Is the museum there for the city? Students examine the social role of the Salzmuseum

2023-05-02 How is the Salzmuseum ("Salt Museum") received by its direct neighbors, the residents of the high-rise housing estate "Am weißen Turm"? A project seminar in cooperation with the museum explores this question with qualitative surveys. The goal is to address more diverse visitors and to strengthen the relationship between the museum and the residents.

17-04_Salzmuseum ©Leuphana/ Ciara Charlotte Burgess
What about the neighborhood between the housing estate "Am weißen Turm" and the Salzmuseum? Bachelor's students are now investigating this as part of a teaching research project led by Volker Kirchberg, Professor of Sociology of the Arts, and Dr. Alexandra Hentschel, Director of Deutsches Salzmuseum.

"Man can live without gold, but not without salt," pointed out the Roman writer Cassiodorus over 1500 years ago. Without this vital element, Lüneburg would not be the city it is today. The many churches, the historic town hall and the characteristic gabled houses are reminders of the city's medieval wealth. In the Middle Ages, salt was indispensable, especially for the preservation of food. The "white gold" was sold from Lüneburg via Lübeck to the entire Baltic Sea region and as far as Russia. It was extracted in the Lüneburg salt works for over 1000 years, until 1980.

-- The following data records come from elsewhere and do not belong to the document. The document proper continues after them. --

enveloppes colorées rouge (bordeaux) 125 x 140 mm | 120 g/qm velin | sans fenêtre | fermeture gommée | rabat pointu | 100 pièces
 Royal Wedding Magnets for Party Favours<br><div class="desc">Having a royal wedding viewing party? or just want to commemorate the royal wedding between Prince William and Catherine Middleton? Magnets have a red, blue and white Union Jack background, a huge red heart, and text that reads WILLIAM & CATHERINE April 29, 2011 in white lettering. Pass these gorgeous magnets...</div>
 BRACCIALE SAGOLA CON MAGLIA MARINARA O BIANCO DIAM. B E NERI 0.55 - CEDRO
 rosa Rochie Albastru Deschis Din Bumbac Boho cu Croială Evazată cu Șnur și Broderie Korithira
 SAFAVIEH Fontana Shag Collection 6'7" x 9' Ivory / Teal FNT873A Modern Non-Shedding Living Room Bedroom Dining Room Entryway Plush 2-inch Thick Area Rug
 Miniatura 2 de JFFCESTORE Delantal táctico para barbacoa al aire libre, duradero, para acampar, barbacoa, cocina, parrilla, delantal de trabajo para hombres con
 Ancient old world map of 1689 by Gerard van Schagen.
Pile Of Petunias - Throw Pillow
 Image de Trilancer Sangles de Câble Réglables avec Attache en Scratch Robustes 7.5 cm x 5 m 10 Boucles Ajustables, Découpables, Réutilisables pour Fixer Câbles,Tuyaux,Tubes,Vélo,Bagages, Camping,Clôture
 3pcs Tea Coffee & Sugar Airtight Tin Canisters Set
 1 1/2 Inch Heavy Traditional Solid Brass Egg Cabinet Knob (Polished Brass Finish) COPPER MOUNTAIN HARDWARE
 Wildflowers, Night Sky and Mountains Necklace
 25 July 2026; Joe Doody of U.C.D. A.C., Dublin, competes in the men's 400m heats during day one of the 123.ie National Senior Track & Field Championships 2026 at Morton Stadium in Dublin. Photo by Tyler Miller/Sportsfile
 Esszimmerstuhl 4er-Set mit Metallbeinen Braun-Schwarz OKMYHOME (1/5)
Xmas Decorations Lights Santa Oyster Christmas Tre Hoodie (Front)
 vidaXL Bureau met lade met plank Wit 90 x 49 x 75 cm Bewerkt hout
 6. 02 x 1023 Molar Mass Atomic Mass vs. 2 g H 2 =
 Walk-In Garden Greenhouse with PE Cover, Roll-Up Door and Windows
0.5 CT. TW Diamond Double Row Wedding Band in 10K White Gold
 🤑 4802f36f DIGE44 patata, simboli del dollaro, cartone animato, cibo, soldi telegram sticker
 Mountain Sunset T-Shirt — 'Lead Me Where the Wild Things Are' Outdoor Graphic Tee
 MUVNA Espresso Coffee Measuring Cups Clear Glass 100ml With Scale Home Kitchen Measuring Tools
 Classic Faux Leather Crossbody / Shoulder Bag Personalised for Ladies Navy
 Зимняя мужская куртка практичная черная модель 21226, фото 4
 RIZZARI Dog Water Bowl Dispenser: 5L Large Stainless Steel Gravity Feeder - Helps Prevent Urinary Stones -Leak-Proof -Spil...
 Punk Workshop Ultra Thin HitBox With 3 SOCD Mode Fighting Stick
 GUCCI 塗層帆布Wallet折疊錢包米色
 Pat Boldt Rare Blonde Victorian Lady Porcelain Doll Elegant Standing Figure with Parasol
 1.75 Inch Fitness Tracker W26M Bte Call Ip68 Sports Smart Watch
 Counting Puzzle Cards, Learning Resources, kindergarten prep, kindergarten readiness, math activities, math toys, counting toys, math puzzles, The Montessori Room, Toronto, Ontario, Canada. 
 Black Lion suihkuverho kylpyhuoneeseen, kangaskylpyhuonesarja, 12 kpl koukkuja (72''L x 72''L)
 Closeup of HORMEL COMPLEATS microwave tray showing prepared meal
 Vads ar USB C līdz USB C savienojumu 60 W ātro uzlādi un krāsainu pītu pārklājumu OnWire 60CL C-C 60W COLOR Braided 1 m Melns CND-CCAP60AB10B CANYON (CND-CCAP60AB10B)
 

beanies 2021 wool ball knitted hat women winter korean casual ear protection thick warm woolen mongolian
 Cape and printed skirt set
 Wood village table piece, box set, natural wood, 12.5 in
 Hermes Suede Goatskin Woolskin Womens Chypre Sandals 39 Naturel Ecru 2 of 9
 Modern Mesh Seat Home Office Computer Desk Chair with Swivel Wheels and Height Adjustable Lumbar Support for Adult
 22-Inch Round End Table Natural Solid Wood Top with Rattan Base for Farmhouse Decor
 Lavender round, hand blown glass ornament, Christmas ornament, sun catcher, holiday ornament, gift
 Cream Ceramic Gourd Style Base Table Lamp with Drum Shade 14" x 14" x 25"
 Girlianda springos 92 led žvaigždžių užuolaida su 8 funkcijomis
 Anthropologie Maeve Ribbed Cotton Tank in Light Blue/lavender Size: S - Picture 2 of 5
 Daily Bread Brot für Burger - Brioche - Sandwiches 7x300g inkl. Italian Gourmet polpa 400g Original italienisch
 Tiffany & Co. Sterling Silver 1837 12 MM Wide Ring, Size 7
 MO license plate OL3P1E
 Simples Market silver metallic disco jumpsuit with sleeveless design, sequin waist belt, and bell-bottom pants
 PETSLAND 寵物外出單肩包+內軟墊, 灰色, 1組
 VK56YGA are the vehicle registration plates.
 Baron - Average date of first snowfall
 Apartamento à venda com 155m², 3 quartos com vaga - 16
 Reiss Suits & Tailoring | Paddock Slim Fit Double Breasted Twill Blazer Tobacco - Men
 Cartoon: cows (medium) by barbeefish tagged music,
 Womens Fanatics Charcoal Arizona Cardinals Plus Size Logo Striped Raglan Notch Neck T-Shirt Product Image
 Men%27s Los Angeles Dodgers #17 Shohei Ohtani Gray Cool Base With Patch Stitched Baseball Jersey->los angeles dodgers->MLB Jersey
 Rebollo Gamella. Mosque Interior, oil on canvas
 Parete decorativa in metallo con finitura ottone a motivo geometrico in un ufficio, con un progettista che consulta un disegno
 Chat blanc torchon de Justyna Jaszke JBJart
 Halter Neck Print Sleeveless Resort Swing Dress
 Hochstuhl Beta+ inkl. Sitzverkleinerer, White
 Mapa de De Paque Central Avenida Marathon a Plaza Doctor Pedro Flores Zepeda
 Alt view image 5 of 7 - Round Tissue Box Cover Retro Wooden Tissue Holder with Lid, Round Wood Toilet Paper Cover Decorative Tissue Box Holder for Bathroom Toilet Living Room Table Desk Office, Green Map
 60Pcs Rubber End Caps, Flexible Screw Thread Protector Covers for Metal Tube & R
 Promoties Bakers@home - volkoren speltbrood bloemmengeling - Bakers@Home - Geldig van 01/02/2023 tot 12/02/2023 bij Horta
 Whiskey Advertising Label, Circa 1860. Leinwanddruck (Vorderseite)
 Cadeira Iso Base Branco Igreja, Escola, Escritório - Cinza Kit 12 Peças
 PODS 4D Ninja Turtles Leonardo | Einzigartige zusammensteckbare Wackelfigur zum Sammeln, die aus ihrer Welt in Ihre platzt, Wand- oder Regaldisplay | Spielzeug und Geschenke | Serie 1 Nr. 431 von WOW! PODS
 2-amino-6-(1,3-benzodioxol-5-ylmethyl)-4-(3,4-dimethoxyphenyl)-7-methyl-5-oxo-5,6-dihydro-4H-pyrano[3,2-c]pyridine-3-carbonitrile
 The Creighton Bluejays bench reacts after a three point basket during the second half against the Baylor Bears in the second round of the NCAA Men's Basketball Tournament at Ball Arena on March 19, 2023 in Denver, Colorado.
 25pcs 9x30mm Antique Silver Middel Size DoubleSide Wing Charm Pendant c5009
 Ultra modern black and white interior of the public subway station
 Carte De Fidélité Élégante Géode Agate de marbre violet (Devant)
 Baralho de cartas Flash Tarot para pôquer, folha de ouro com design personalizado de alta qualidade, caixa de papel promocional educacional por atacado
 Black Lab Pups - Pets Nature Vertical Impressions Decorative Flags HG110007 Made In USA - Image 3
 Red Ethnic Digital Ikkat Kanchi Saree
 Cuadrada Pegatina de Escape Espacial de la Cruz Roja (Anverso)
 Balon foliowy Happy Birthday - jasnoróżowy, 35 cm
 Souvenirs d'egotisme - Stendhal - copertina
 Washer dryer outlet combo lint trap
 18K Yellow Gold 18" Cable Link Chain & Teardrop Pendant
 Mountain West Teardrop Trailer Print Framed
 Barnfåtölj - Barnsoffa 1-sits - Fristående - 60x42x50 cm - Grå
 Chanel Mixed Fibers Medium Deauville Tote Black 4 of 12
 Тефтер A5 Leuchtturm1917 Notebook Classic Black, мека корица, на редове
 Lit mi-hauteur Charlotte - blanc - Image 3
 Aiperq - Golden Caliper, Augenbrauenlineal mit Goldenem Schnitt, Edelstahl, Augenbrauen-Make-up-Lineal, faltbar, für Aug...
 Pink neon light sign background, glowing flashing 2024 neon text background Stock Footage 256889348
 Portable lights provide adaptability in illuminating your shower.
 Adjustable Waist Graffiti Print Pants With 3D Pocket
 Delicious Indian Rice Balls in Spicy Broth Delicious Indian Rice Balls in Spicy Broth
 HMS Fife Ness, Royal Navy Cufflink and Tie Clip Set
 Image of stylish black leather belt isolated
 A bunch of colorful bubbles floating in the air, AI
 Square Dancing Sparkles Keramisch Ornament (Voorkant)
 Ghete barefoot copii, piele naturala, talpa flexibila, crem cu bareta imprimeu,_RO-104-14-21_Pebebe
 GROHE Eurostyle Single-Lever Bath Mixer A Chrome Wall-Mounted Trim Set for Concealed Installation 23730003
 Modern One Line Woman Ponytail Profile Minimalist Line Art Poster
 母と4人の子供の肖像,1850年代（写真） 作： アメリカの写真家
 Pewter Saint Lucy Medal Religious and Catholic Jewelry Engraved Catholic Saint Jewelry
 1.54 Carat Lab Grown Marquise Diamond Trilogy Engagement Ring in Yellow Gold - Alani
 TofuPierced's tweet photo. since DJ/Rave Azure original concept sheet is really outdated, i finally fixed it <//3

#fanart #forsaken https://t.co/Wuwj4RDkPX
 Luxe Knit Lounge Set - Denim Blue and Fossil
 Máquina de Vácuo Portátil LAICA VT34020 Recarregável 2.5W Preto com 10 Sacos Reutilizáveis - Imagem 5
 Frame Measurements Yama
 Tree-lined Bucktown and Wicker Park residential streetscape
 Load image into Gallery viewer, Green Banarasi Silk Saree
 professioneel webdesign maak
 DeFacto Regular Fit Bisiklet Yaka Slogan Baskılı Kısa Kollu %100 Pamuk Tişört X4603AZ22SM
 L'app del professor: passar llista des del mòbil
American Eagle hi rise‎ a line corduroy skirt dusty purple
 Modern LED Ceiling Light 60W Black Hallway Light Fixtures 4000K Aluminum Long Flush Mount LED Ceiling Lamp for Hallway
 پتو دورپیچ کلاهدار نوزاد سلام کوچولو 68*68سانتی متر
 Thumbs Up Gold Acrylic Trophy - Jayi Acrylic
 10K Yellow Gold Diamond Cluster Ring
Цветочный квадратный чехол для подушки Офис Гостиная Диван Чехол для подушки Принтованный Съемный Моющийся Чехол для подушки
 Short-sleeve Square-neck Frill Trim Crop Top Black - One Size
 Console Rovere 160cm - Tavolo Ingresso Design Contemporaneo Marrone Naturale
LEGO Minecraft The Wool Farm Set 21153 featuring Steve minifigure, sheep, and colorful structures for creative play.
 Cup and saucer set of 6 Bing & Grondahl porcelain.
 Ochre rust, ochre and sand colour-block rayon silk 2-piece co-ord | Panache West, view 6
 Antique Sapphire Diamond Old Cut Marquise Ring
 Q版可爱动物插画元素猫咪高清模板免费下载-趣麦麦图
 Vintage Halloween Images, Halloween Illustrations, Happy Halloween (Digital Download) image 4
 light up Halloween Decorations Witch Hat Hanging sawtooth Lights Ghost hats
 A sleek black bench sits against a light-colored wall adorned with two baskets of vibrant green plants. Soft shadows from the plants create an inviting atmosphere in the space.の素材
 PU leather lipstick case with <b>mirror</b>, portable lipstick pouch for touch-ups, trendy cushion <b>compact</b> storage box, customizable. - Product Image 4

Today, the Deutsches Salzmuseum ("German Salt Museum") on the former salt works site recalls the origins of the salt city of Lüneburg. Its neighbors include the large supermarket, which is also located on the site, as well as the residents of the high-rise housing estate "Am weißen Turm". What about the neighborhood between the housing estate and the Salt Museum? This is what bachelor students at Leuphana are investigating this semester as part of a course research project. The seminar is being held in cooperation with the Salzmuseum. Professor Volker Kirchberg, Professor of Sociology of the Arts at the Institute of Sociology and Cultural Organization, and Dr. Alexandra Hentschel, director of the Salzmuseum for the past year and a half, are leading the seminar.

What is a museum for? This question has accompanied Volker Kirchberg for more than 20 years. At the Free University of Berlin, he completed his habilitation on the social functions of museums. "The first thing that comes to mind is preservation, archiving, collecting. Then there's research, exhibiting, and only then mediation," Kirchberg explains. But what exactly legitimizes the existence of a museum? According to Kirchberg, the interaction between the institution and the public is crucial: "Ideally, society radiates into the museum, and the museum in turn radiates into society." For this reason, he says, looking purely at visitor numbers when it comes to determining a museum's success is also too short-sighted. "A museum is only really legitimate when it has a community that identifies with it," says the sociologist.

For the Lüneburg Salzmuseum, this means actively reaching out to the local population, especially the immediate neighborhood. The typical museum visitor usually comes from the educated middle class. The Lüneburg Salzmuseum is mainly visited by tourists and school classes. Director Alexandra Hentschel also believes that a museum should be there for everyone. How can you appeal to a more diverse visitor base? "Most museums are publicly funded, so we have a special obligation to society," thinks Alexandra Hentschel, "everyone must at least have the opportunity to visit the museum."

The approach the students are now taking to learn more about the relationship between the museum and the "Am weißen Turm" residential area - and to promote it where appropriate - is called "outreach." This means asking about the interests and needs of the neighborhood and finding out how the Salzmuseum is perceived. In addition to qualitative interviews with residents, expert interviews are planned, for example with the neighborhood manager and the residents' representative of the "Am weißen Turm". The students also plan to conduct focus group discussions, including at the settlement's senior citizens' meeting place. "In the end, the question is what we can do as a museum," says Alexandra Hentschel. In order for the results to have a sustainable added value for the place, at the end of the semester the participants will not have a traditional term paper, but a poster presentation of the research results. This will be presented to the residents. The results are also of interest to the city of Lüneburg: The city's planning commissioner has already promised funds for the realization of a small project that will take up the residents' wishes, says Alexandra Hentschel - provided that the research findings provide an approach for such a project by the museum. The task now is to find out exactly what such a project could look like.